### Your goal
Return every line from the listing where the word "work" occurs.

### Data supplied
--

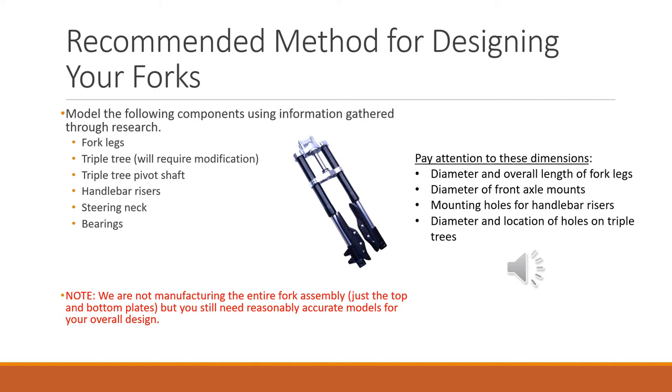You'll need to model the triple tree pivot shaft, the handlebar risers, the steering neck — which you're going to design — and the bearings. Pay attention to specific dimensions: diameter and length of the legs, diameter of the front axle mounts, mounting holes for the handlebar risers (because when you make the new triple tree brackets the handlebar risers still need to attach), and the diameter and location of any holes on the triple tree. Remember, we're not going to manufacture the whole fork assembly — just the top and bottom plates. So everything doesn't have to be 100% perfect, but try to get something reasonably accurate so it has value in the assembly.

--

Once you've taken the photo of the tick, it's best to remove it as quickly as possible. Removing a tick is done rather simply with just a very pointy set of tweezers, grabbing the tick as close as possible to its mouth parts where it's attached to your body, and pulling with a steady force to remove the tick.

--

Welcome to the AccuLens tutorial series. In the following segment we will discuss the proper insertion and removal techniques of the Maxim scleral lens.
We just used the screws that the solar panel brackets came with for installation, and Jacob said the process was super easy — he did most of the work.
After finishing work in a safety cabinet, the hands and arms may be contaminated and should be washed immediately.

--

### Solution
We just used the screws that the solar panel brackets came with for installation, and Jacob said the process was super easy — he did most of the work.
After finishing work in a safety cabinet, the hands and arms may be contaminated and should be washed immediately.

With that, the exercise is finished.